At first, the transition from full-time career woman to “Somewhere-in-between Mama” was a hard one for me. I felt chained to the house. I felt pressured by the feeding and sleeping schedules. I felt mentally and physically exhausted by the end of the day. It was like Groundhog Day every single day - same routine, same everything. I felt isolated from social activities. And when I wasn’t feeling chained to the house with kids, I was at the hospital taking care of sick kids. In essence, I felt like a work-horse. While not all of these feelings have gone away completely (and while most of these are natural byproducts of motherhood), they’ve definitely improved. Over time, it all gets easier and you learn to adapt to the decision you made. And remember, no decision has to last forever – you can always tweak it as you go. Who knows, I might pick up my hours at the hospital one day! Right now, I do all of the childcare when I’m not at work (aka no daycare, no mommy’s day out program, no nanny, etc.). This is something my husband and I are actively talking about tweaking this next year. Not only do I want more socialization for the kids, but Mama just needs a break to run errands every now and then! In my personal opinion, the duties of ANY kind of mom (whether you’re inside and/or outside of the home) is hard. None of it is easy, no matter what you choose. Regardless of what your job title ends up being, all moms are incredibly strong for what they juggle. You just have to find the right juggle for YOU.

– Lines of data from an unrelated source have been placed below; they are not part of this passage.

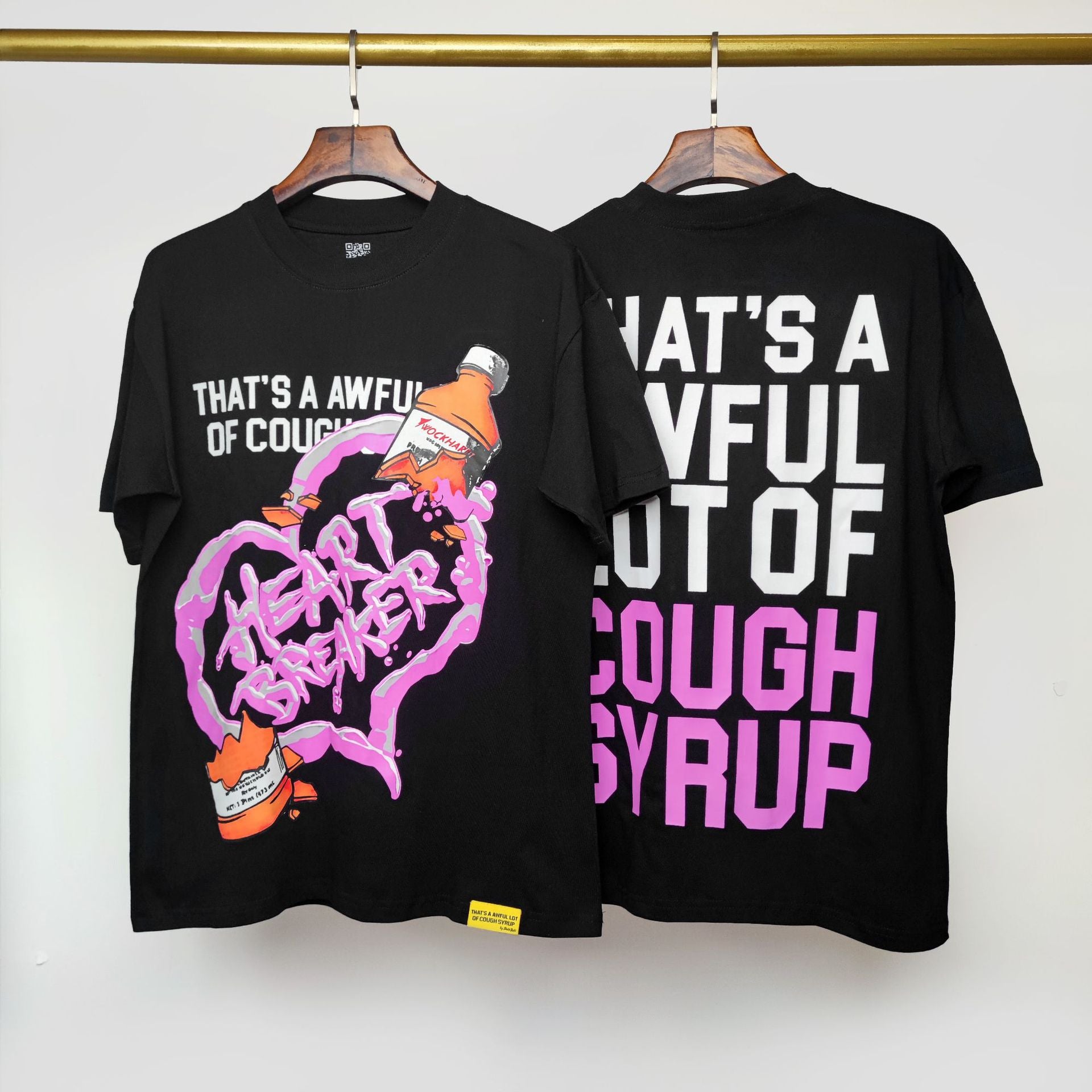 ALOCS Cough Syrup Letter Graphic Short Sleeve Tee Streetwear Unisex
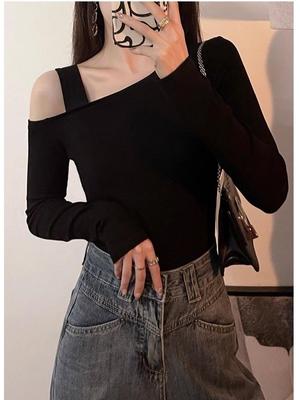 Dames Herfst Off-Shoulder Slankmakende Camisole Bodycon Top met Lange Mouwen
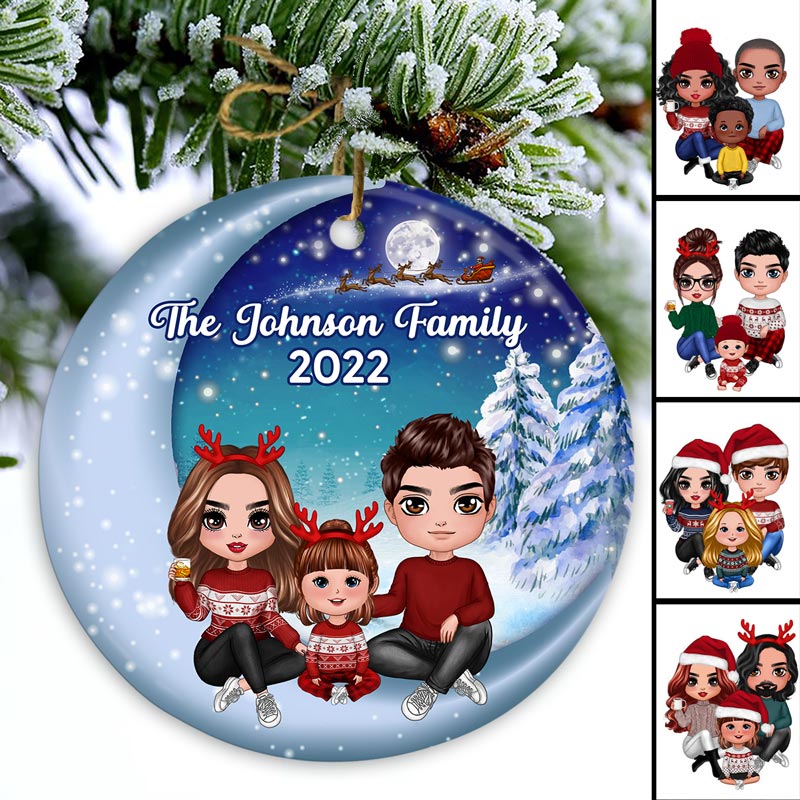 Family Sitting On Moon Winter Personalized Christmas Circle Ornament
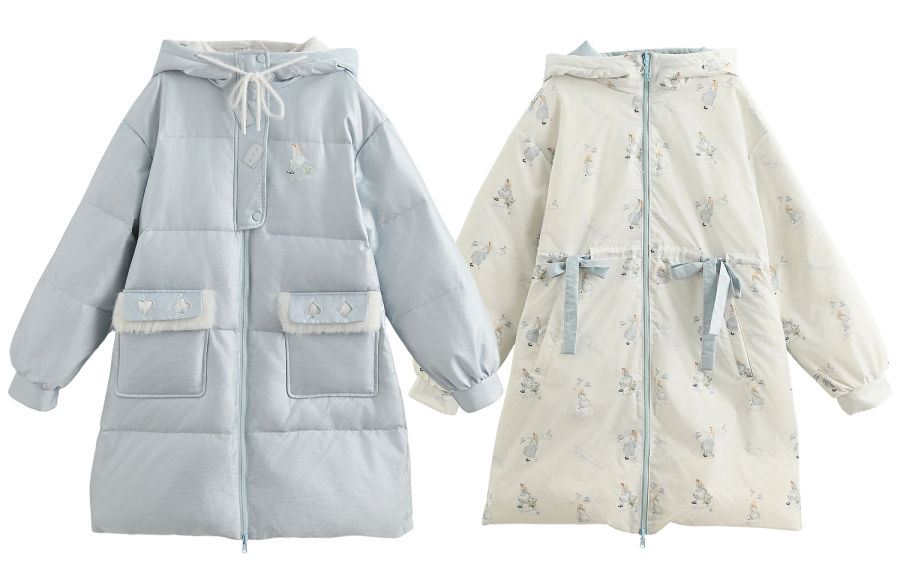 SNBL SNBL Down Jackets Women's Blue/White Reversible Hooded Thickened Reversible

If you are in limbo of choosing how to handle your work situation after having twins, here are some thoughts to consider:
Crunch numbers (daycare costs vs. in-home nanny vs. you)
Can your partner carry the whole family’s health benefits?
Plan ahead as early as you can. Don’t wait until you’re postpartum or your decisions will more likely be emotional ones.
Make a pros and cons table – which side is longer?
Think about your personality type – are you a social butterfly that needs time with other adults or do you do well by yourself?
Will it affect your ability to return to work later? Do you have licenses/skills to upkeep?
Talk about it multiple times with your partner. Don’t make rash decisions.
Above all, make sure you and your partner BOTH agree on the decision.
If you’re into taking online quizzes, then consider taking this short 10-question quiz called “Should You Stay At Home or Go Back To Work”: https://www.parents.com/parenting/work/stay-home/quiz-should-you-stay-home-or-go-back-to-work/. I took it and it told me I should consider part-time, or something “in-between” …and it was spot on!!
Best of luck to any moms going through this debate. We all go through it at some point. And again, remember – no decision has to be forever!!